▶ **WORK TASK**: Repeat the lines of the data that follow, please, starting at the first and stopping after the one with "Geepas GHM43022 300".
#### DATA FOR THIS TASK ####
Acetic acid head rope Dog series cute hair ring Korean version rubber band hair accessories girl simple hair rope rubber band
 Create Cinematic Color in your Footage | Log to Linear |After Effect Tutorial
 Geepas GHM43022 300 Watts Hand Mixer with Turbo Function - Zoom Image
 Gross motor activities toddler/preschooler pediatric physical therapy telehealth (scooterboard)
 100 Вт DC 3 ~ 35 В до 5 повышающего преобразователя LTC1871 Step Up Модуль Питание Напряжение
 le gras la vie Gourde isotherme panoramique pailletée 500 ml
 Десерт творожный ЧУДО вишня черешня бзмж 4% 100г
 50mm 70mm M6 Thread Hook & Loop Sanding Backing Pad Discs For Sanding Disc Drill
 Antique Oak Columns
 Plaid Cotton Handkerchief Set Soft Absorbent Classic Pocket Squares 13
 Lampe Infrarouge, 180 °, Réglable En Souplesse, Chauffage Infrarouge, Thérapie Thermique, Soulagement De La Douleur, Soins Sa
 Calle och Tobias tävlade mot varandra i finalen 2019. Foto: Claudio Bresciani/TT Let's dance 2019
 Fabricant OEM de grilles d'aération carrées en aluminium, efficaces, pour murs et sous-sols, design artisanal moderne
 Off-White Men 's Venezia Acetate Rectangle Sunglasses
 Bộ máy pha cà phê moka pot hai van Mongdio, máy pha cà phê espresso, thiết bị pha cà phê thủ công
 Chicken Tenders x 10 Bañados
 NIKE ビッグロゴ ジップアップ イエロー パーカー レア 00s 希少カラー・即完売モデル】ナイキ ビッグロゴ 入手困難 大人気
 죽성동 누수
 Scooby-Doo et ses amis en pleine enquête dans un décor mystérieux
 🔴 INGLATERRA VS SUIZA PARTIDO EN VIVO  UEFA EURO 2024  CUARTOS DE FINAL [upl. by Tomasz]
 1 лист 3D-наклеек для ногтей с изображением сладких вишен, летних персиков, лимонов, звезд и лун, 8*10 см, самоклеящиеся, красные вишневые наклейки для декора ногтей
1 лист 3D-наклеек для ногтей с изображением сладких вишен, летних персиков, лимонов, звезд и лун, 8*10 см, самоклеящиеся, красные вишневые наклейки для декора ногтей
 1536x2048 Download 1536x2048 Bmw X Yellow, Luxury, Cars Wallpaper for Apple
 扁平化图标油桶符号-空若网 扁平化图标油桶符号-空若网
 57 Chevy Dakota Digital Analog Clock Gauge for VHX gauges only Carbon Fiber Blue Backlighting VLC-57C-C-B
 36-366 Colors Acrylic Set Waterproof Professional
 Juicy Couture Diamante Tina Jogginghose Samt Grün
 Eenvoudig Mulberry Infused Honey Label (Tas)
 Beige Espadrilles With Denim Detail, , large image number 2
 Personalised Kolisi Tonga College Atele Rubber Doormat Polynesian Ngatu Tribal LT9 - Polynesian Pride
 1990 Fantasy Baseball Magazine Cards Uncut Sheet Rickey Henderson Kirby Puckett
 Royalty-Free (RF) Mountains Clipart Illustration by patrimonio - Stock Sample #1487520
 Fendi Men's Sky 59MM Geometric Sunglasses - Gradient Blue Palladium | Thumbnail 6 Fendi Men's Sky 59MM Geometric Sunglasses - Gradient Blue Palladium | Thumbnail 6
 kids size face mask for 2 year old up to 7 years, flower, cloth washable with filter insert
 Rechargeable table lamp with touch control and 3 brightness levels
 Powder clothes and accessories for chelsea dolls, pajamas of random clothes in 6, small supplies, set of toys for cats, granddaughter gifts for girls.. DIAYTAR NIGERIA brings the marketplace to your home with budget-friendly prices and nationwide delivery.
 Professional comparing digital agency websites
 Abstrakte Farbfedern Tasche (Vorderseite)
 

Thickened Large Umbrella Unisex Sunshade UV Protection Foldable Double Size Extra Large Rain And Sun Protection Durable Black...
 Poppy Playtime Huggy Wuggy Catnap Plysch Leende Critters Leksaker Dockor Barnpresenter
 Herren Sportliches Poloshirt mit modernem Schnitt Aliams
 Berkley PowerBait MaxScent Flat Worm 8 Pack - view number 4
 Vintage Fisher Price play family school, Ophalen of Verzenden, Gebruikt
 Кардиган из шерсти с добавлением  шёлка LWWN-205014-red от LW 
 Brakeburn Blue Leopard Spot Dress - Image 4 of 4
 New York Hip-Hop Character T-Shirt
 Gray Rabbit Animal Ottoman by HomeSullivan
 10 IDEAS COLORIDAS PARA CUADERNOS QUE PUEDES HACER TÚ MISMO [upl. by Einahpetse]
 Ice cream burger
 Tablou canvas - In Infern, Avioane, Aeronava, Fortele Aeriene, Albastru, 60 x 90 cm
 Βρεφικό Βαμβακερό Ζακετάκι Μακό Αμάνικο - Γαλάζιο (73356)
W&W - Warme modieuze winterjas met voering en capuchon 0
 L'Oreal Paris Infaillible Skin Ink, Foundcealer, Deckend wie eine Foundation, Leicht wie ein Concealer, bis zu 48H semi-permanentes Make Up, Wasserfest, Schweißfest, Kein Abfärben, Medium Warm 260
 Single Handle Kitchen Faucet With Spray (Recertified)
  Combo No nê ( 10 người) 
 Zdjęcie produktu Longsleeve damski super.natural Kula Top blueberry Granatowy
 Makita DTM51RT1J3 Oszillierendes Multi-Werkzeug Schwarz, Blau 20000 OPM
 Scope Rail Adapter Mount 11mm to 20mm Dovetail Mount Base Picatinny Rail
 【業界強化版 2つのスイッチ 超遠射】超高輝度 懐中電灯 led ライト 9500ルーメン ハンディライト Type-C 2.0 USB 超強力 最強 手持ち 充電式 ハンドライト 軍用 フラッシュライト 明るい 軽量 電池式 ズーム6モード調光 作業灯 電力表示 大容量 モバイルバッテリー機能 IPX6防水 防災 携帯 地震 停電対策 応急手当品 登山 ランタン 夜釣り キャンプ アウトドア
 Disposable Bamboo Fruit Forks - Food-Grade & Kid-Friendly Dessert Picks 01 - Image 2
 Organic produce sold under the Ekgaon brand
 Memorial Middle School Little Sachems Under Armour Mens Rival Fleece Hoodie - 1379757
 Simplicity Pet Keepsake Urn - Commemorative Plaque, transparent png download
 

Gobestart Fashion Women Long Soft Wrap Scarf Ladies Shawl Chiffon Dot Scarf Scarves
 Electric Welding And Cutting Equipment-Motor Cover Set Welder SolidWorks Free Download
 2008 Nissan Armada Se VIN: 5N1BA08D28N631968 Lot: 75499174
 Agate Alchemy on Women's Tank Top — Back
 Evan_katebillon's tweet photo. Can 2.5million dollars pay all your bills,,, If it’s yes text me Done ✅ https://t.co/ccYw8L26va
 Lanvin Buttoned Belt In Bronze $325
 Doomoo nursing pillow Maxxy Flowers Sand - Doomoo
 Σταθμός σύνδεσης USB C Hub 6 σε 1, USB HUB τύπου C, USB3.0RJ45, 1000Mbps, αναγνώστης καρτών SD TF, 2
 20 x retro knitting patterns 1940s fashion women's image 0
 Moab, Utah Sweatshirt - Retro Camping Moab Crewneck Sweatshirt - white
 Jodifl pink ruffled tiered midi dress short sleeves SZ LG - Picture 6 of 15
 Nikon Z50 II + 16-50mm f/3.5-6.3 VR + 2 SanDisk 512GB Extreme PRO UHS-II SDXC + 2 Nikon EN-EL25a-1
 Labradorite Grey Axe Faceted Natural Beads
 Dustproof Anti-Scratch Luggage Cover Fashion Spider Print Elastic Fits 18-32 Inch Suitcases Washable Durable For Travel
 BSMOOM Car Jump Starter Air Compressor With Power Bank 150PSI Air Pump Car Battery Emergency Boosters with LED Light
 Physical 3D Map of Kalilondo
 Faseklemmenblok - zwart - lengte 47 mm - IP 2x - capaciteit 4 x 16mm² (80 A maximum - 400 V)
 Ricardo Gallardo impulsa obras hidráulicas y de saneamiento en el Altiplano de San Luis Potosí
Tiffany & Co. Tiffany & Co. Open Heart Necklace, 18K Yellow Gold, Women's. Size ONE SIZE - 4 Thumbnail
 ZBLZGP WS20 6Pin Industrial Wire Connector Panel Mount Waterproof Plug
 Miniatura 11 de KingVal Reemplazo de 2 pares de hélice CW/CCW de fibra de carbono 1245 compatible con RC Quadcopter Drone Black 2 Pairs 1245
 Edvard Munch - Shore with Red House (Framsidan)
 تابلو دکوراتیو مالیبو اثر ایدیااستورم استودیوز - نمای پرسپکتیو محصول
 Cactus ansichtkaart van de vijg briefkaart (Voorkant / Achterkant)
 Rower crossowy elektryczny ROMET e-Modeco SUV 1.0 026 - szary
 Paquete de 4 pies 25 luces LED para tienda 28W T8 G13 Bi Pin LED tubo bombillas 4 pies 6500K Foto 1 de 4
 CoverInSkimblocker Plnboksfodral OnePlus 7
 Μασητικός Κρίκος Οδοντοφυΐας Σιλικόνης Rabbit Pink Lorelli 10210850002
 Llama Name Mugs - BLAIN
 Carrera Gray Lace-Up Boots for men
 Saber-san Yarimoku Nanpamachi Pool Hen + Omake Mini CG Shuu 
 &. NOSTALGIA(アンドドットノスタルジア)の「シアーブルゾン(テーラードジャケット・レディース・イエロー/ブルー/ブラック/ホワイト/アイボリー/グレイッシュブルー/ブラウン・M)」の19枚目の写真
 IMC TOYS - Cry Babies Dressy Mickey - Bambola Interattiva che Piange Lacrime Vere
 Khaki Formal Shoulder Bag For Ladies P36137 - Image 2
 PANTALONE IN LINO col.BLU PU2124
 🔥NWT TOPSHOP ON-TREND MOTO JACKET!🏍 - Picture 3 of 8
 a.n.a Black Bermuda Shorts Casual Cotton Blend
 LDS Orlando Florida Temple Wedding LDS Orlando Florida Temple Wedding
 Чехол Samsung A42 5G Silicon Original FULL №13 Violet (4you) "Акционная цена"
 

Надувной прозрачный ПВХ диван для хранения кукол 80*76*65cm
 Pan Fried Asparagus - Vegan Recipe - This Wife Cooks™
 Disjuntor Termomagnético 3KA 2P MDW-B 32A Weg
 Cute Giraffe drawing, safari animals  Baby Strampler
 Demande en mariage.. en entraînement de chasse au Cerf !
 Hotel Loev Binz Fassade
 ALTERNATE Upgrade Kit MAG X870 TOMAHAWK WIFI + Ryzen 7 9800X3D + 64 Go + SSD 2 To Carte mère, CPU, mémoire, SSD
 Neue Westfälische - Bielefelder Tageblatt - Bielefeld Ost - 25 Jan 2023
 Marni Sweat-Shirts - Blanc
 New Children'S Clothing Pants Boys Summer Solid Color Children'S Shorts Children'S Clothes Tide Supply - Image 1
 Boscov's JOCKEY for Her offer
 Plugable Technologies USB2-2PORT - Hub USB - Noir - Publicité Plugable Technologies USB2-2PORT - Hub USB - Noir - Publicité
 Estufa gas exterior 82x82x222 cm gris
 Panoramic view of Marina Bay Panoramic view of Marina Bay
####
▶ **EXERCISE RESPONSE**:
Acetic acid head rope Dog series cute hair ring Korean version rubber band hair accessories girl simple hair rope rubber band
 Create Cinematic Color in your Footage | Log to Linear |After Effect Tutorial
 Geepas GHM43022 300 Watts Hand Mixer with Turbo Function - Zoom Image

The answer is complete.